Dalam hal ini, Majelis Ulama Indonesia sudah mengeluarkan fatwa, kaum muslimah
diwajibkan menutup aurat.
Nabilah dilahirkan dalam budaya
Islam yang kental. Ia lahir 14 Maret 1942 di Cairo, Mesir. Masa kecil hingga
remaja dihabiskan di Cairo. Ayahnya, H. Abdul Fatah Muhammad, mantan Direktur
Jenderal Pajak di kawasan Cairo bagian selatan, Ghiza. Ibunya, Hj. Daulat
Muhammad Ahmad, ibu rumah tangga yang tidak mengenyam pendidikan tinggi, tapi
mengharap semua anaknya bisa bersekolah tinggi. Suatu hari, ketika ia di
tingkat satu jurusan sastra Cairo University, ada tamu asal Indonesia. Ia
adalah Burhanuddin Lubis. Lelaki asal Mandailing, Tapanuli Selatan, Sumatera
Utara, ini mengantar kiriman untuk keluarga Nabilah. Ketika itu kebetulan
Nabilah tidak di rumah.

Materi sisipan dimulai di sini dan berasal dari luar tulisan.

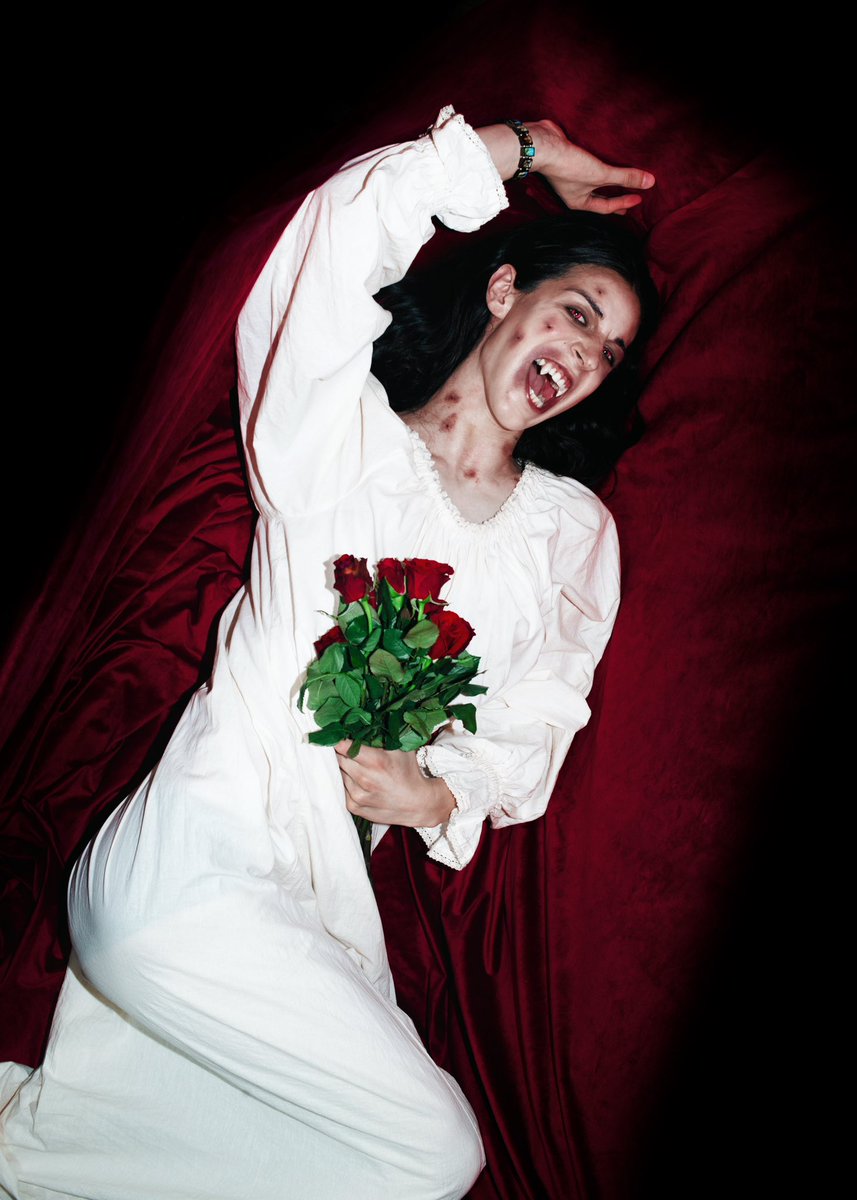 AshurGharavi's tweet photo. I cannot wait to get to do another vampire(ish) shoot so excited for the one I have planned this month :3 https://t.co/Ae96vSjlX4
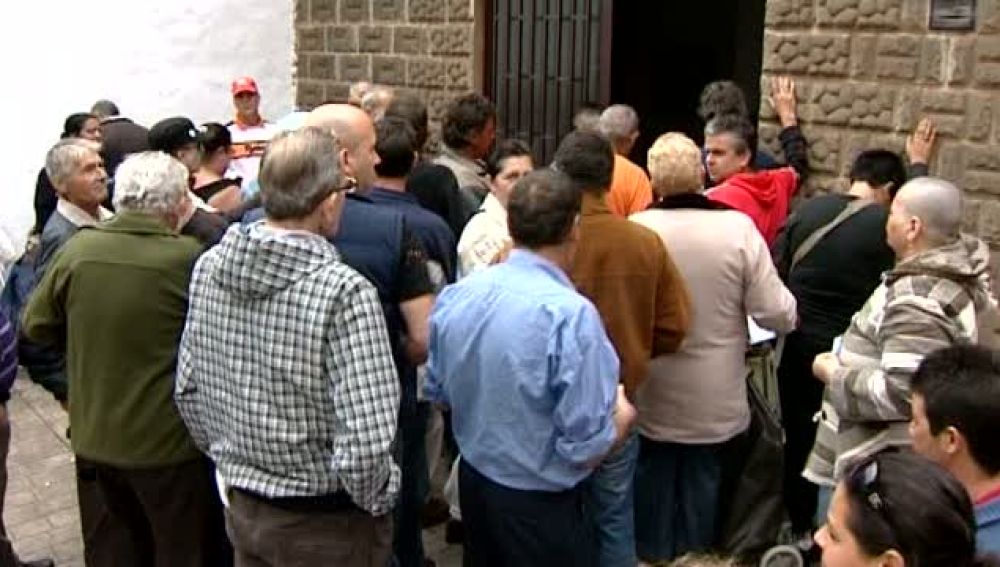16.000 familias afrontan el mes con sólo seis euros diarios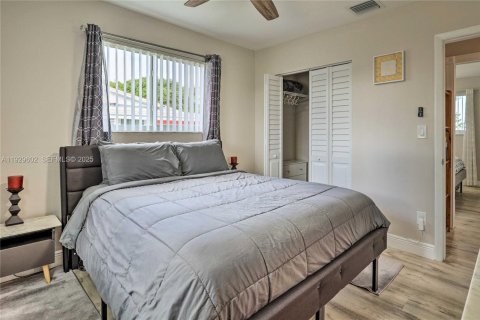 House in Miami, Florida 3 bedrooms, 115.94 sq.m. № 1989375 - photo 20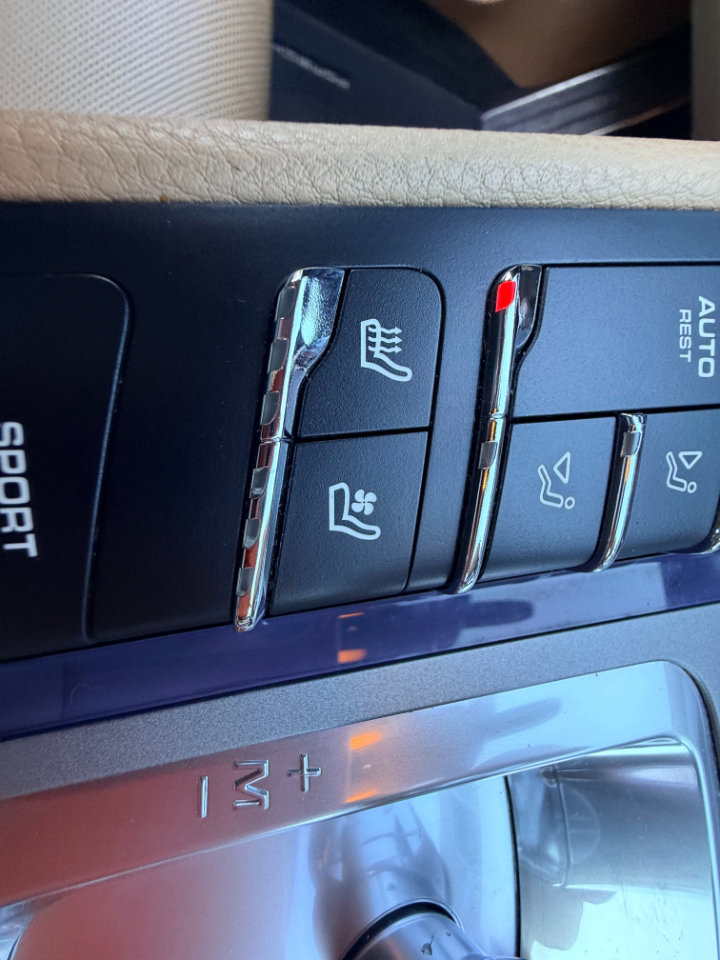 Used 2016 Porsche Panamera Edition image 23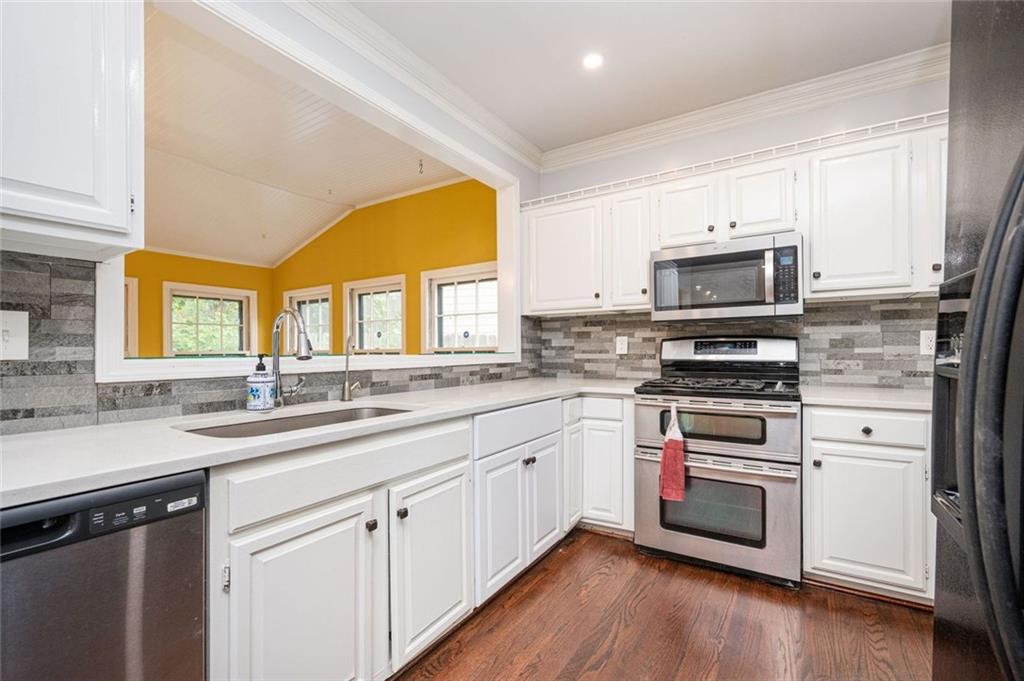 983 Bridgegate Drive Northeast Marietta, GA 30068 - Photo 13 of 34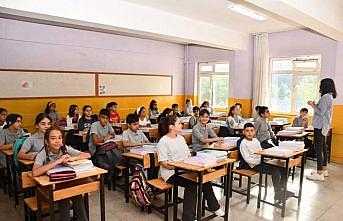 Düzce, Karabük, Bolu ve Kocaeli'de öğrenciler okullarıyla buluştu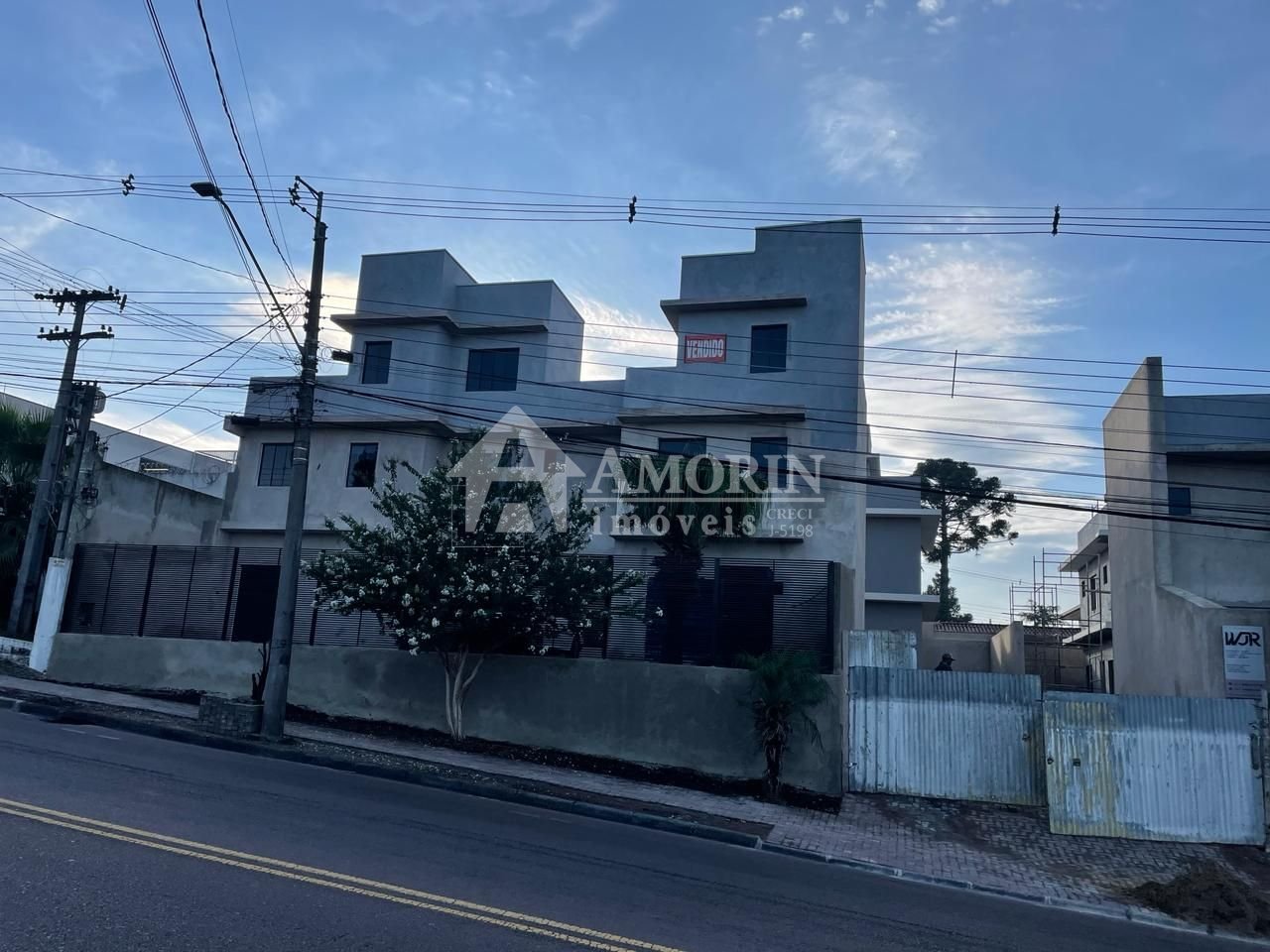 Sobrados Triplex a venda no Bairro Hauer valor de R  635.000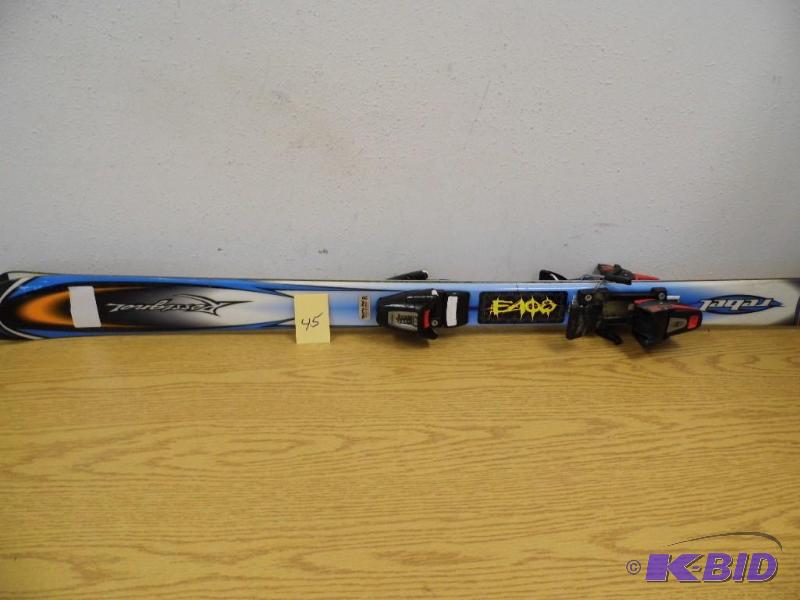 Skis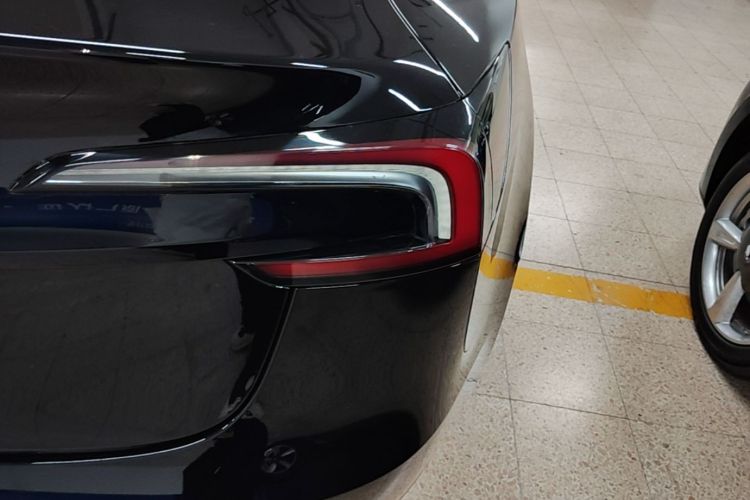 Tesla Model 3 2024 car image #8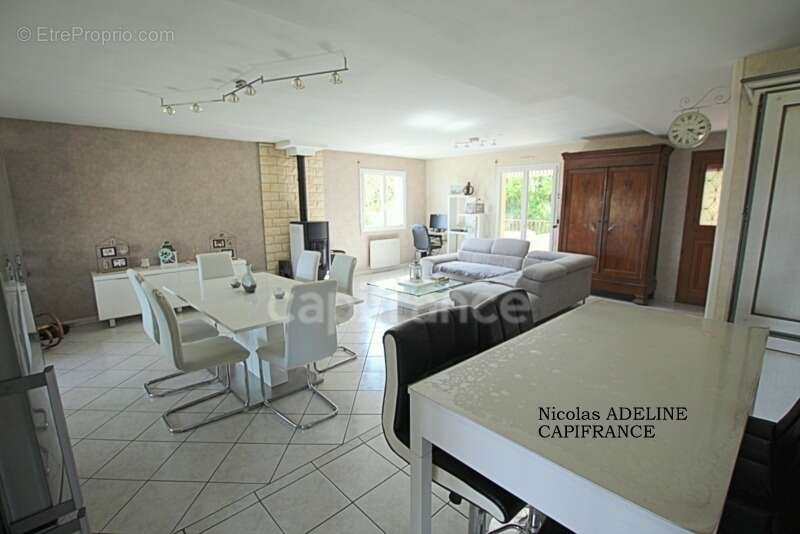 Dpt Saône et Loire (71), à vendre proche de CHALON SUR SAONE maison 5 pièces sur 2646 m² - photo 2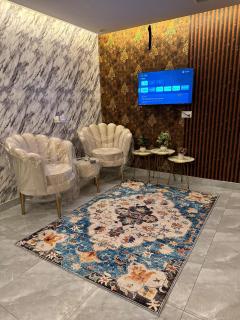 Apt 401, Al Rehman Plaza, Nishter block, plot 85 - 3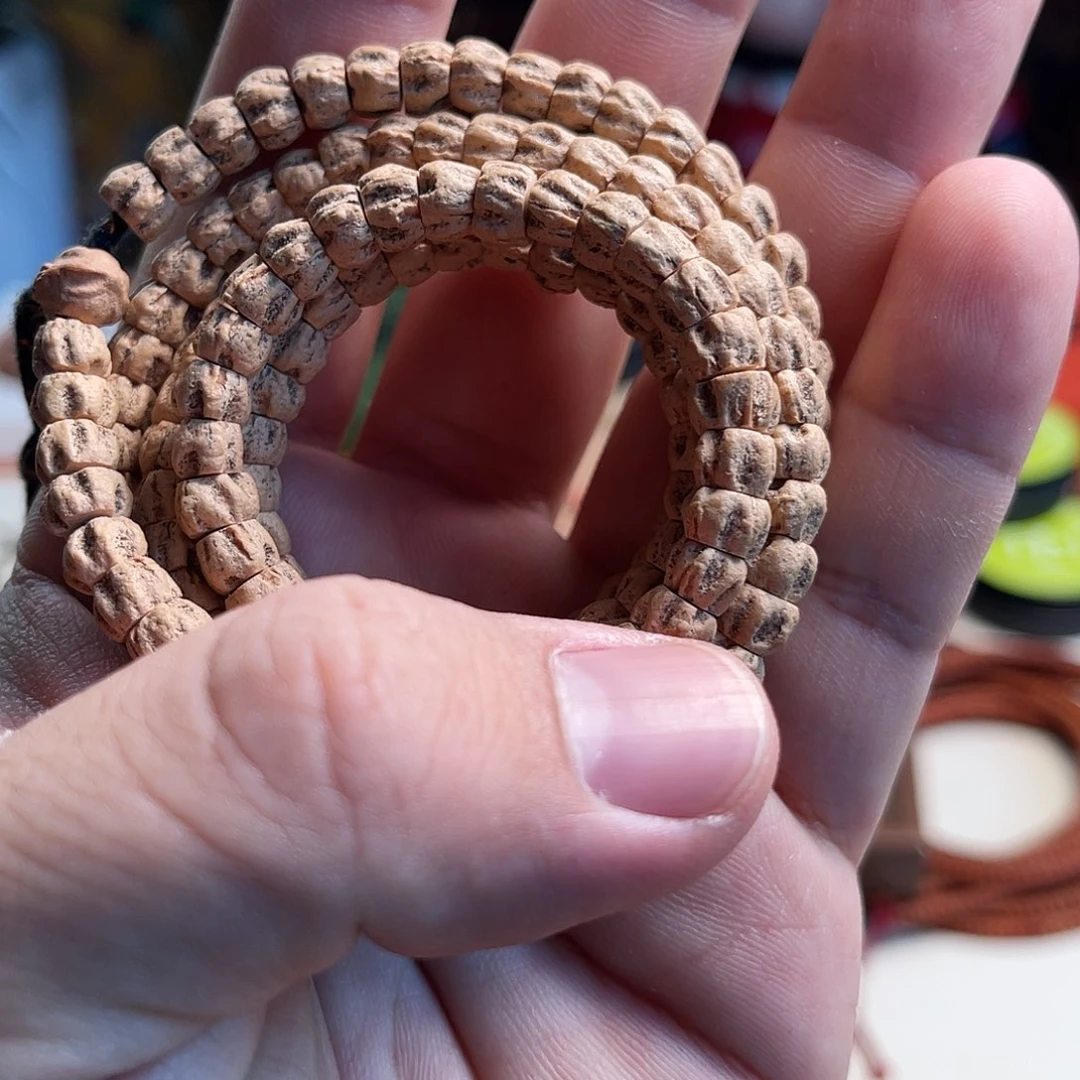 柏香籽/百香籽手串龙脊肠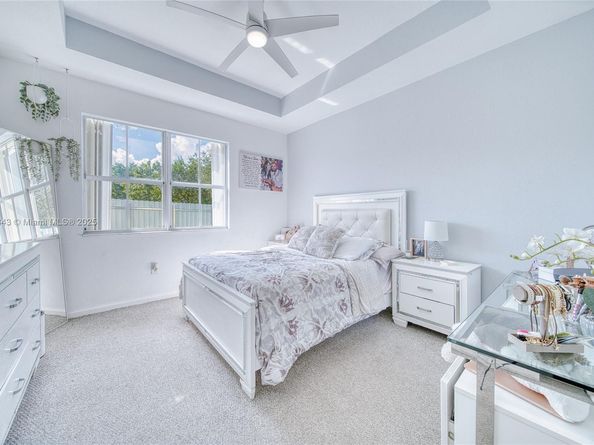 2101 NE 37th Ter, Homestead FL 33033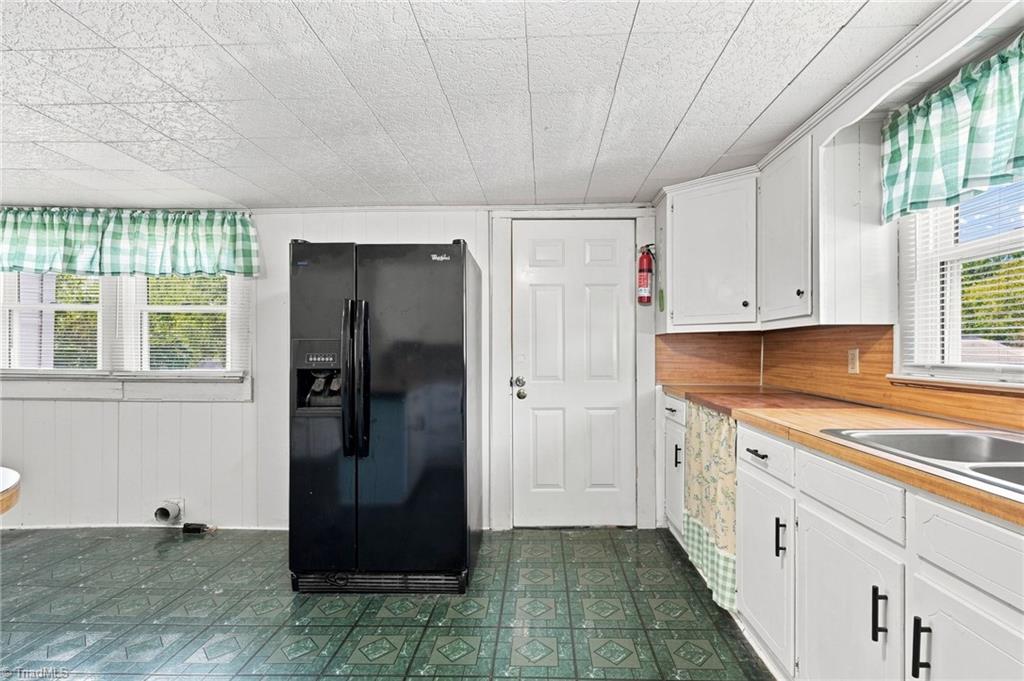 127 South Fieldcrest Road Eden, NC 27288 - Photo 12 of 21 Gallery Image 12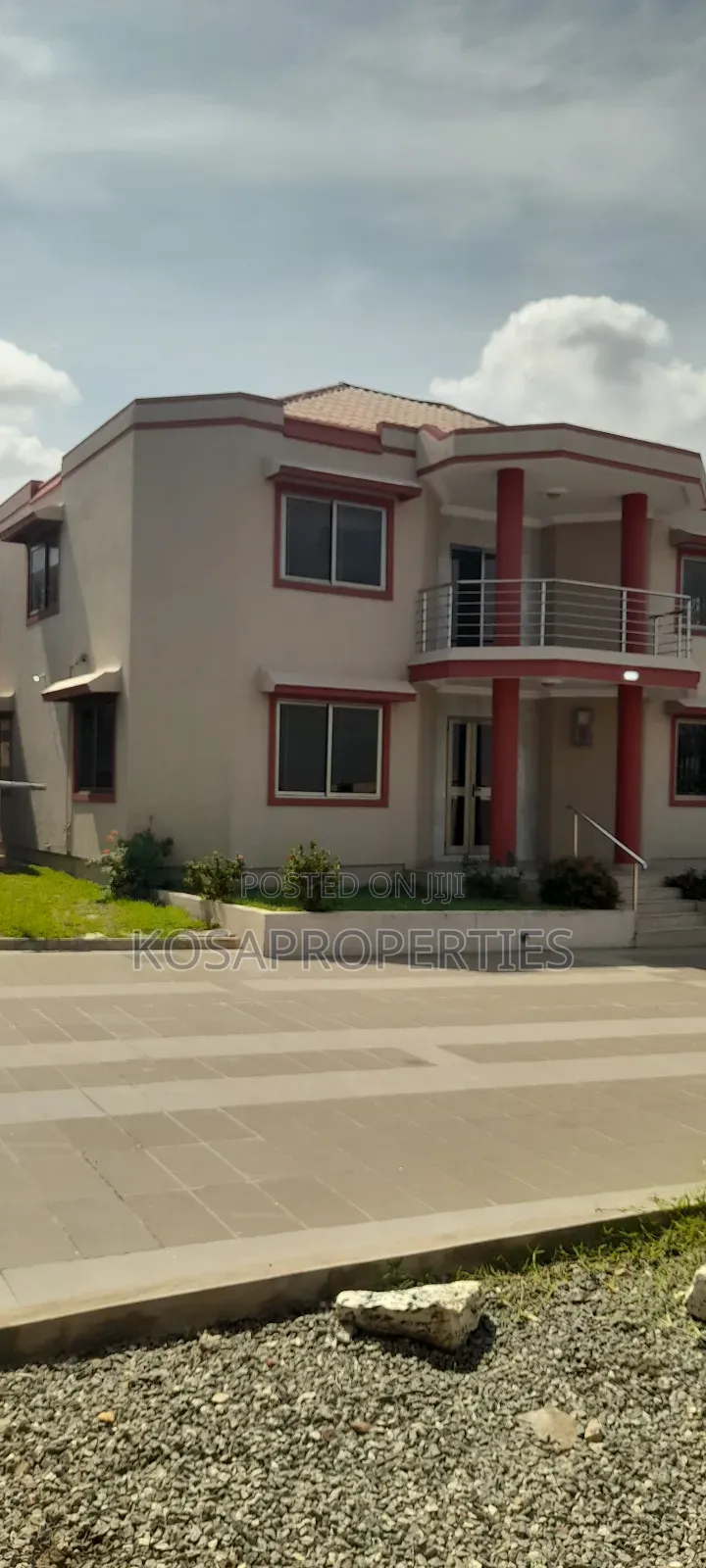 4bdrm House in Adjiringanor, Adjiriganor for sale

Tak lama kemudian Burhanuddin bersahabat dengan adik
lelaki Nabilah, dan belakangan kenal juga dengan Nabilah. Ketika itu
Burhanuddin baru lulus S1 salah satu universitas di Baghdad, Irak.
Ketika Burhanuddin kembali ke
Baghdad, ia menulis surat menyatakan ingin menikahi Nabilah. Bila Nabilah
setuju, ia akan kembali ke Mesir pada liburan berikutnya untuk bertunangan. Membaca surat itu, Nabilah langsung marah,
dan menunjukkannya kepada ayahandanya. “Lihat nih, orang Indonesia! Ia
berbicara seenaknya sendiri. Abah sih, orang seperti itu boleh datang ke
rumah,” sungut Nabilah ketika itu. “Sudahlah, surat itu tidak usah dibalas.
Biarkan saja,” ungkap Nabilah menirukan ucapan ayahandanya. Hari pun
bergantian, dan Nabilah hampir melupakan Burhanuddin. Tiba-tiba, saat liburan
sekolah tiba, Burhanuddin kembali datang.
Majalah Hawa
Singkat cerita,
Nabilah menerima lamaran Burhanuddin. Mereka pun bertunangan. Tapi setelah itu
berkali-kali Nabilah bimbang: menerima, dan tidak melanjutkan pertunangan ke
jenjang pernikahan. Dalam akad pertunangan di Mesir, apabila suatu hari seorang
perempuan merasa keberatan, ia bisa membatalkan pertunangan. Dalam kasus
seperti ini pihak perempuan akan mengembalikan semua pemberian dari pihak
laki-laki.
Akhirnya ia
mengirim surat ke rubrik konsultasi perkawinan di majalah Hawa (Perempuan). Ia membeberkan persoalannya.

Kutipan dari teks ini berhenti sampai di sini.